Legal Matters: Double Jeopardy Over State Do-Not-Mail Bills
Last year, 12 states had do-not-mail legislation under consideration. But none of the bills were enacted from those states, which included Hawaii, Illinois, Maryland, Michigan, New Hampshire, New York, North Carolina, Pennsylvania, Rhode Island, Tennessee, Vermont and Washington. In most instances, they died at the end of sessions when the legislatures adjourned.
This year, however, bills already have been refiled in some states, and new bills have been introduced in Connecticut, Florida and New Jersey. With varying enforcement mechanisms, the laws would prohibit mailing unsolicited direct marketing materials to persons who enter their names and addresses to state-maintained registries.
A Familiar Model
Legislation seeking to limit unwelcome mail generally is modeled after the federal National Do Not Call Registry established by the Federal Trade Commission (FTC) in 2003. Few pieces of legislation have engendered such strong and favorable public support.
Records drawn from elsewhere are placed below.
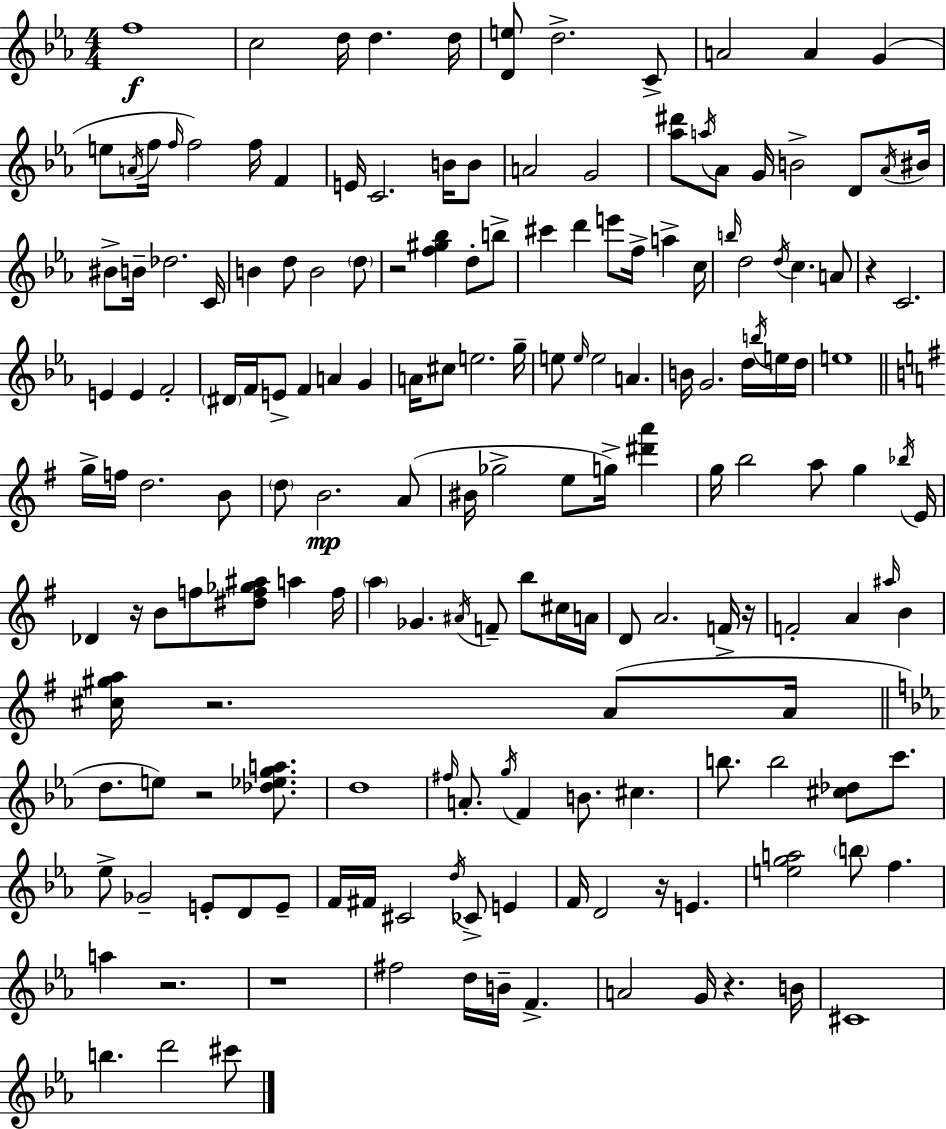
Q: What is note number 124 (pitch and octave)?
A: B5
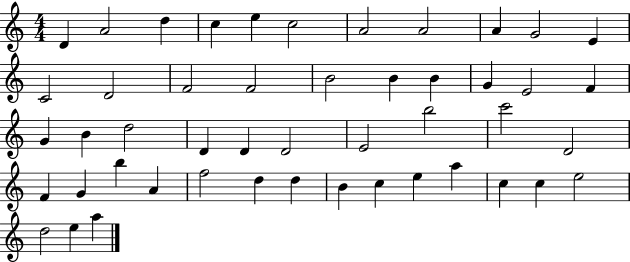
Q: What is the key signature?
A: C major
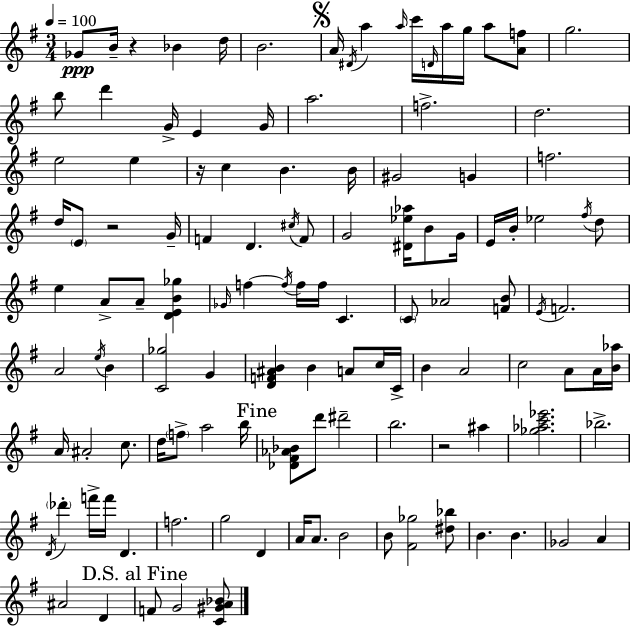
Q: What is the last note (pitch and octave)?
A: G4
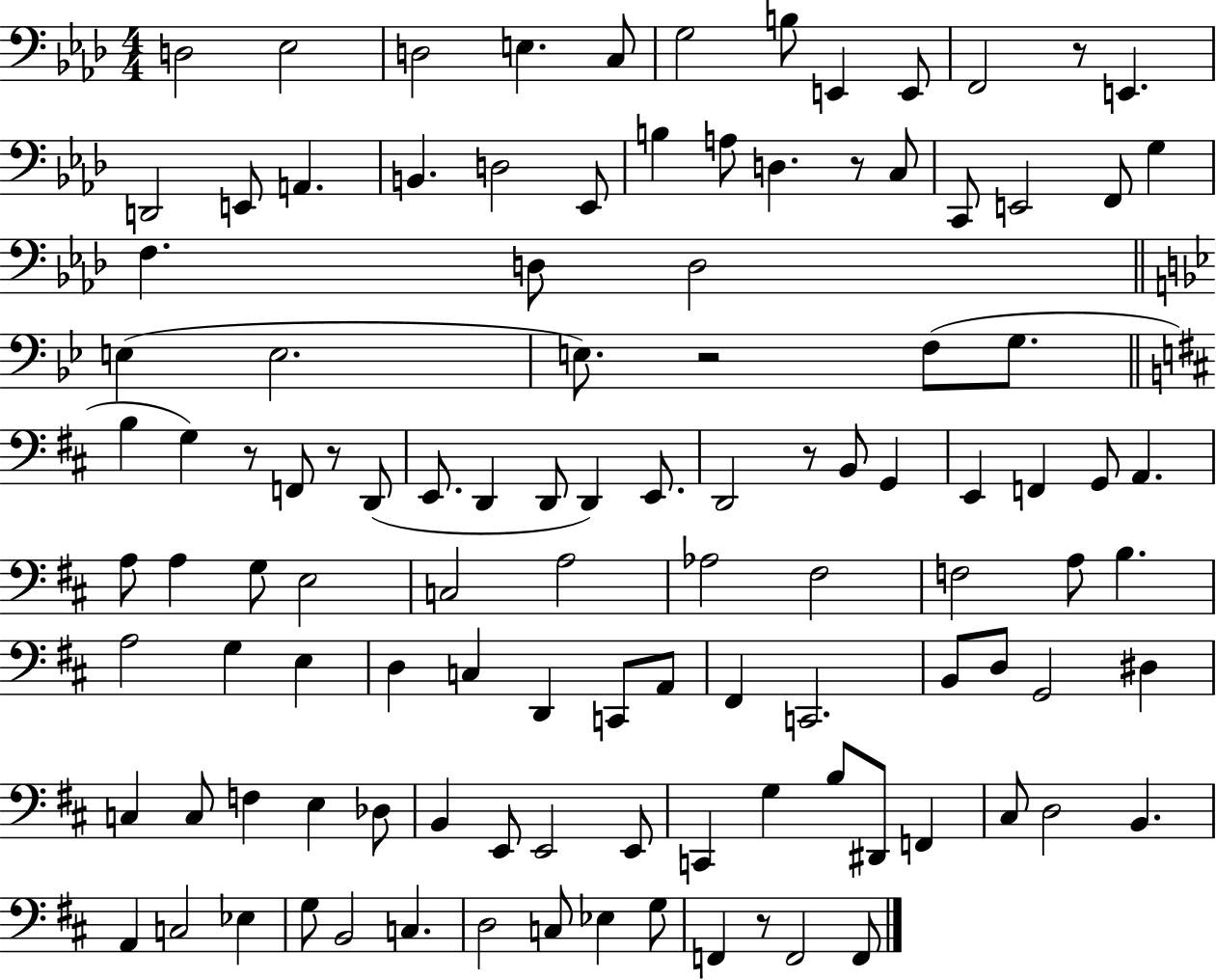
X:1
T:Untitled
M:4/4
L:1/4
K:Ab
D,2 _E,2 D,2 E, C,/2 G,2 B,/2 E,, E,,/2 F,,2 z/2 E,, D,,2 E,,/2 A,, B,, D,2 _E,,/2 B, A,/2 D, z/2 C,/2 C,,/2 E,,2 F,,/2 G, F, D,/2 D,2 E, E,2 E,/2 z2 F,/2 G,/2 B, G, z/2 F,,/2 z/2 D,,/2 E,,/2 D,, D,,/2 D,, E,,/2 D,,2 z/2 B,,/2 G,, E,, F,, G,,/2 A,, A,/2 A, G,/2 E,2 C,2 A,2 _A,2 ^F,2 F,2 A,/2 B, A,2 G, E, D, C, D,, C,,/2 A,,/2 ^F,, C,,2 B,,/2 D,/2 G,,2 ^D, C, C,/2 F, E, _D,/2 B,, E,,/2 E,,2 E,,/2 C,, G, B,/2 ^D,,/2 F,, ^C,/2 D,2 B,, A,, C,2 _E, G,/2 B,,2 C, D,2 C,/2 _E, G,/2 F,, z/2 F,,2 F,,/2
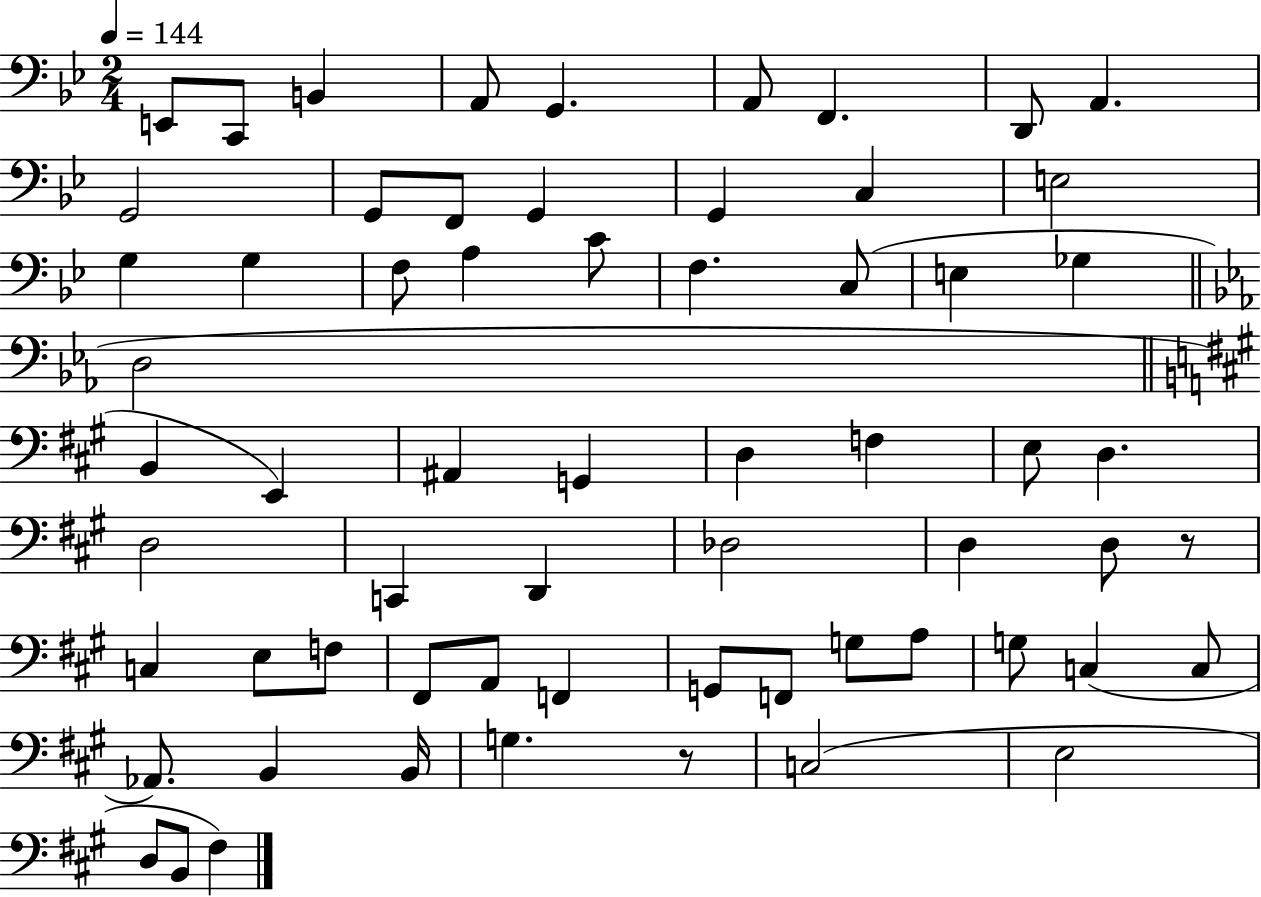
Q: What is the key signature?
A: BES major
To date, more than 170 million telephone numbers have been registered — 62 million in the first year and almost 25 million more last year alone. Americans clearly don’t want uninvited phone calls.
Congress has reinforced the anti-telemarketing rule by passing the Do Not Call Improvement Act, which assured that telephone numbers in the registry won’t be removed automatically.
The FTC has put teeth into Do Not Call through aggressive enforcement actions. Orlando, Fla.-based Westgate Resorts recently received a civil penalty of nearly $1 million. Accumen Management Services agreed to pay more than $275,000 to settle charges. The FTC claimed these companies engaged in outbound telemarketing to consumers whose phone numbers were on the Do Not Call Registry without obtaining their express written consent or having an “established business relationship” with them.
Show It’s Under Control
The proven popularity of safeguarding American families from dinner disruptions has emboldened groups advocating do-not-mail laws. They’ve built their cases around both privacy and environmental concerns. The rhetoric can get quite harsh. The Tennessee bill, for example, refers to the proposed registry as a “junk mail opt-out list.”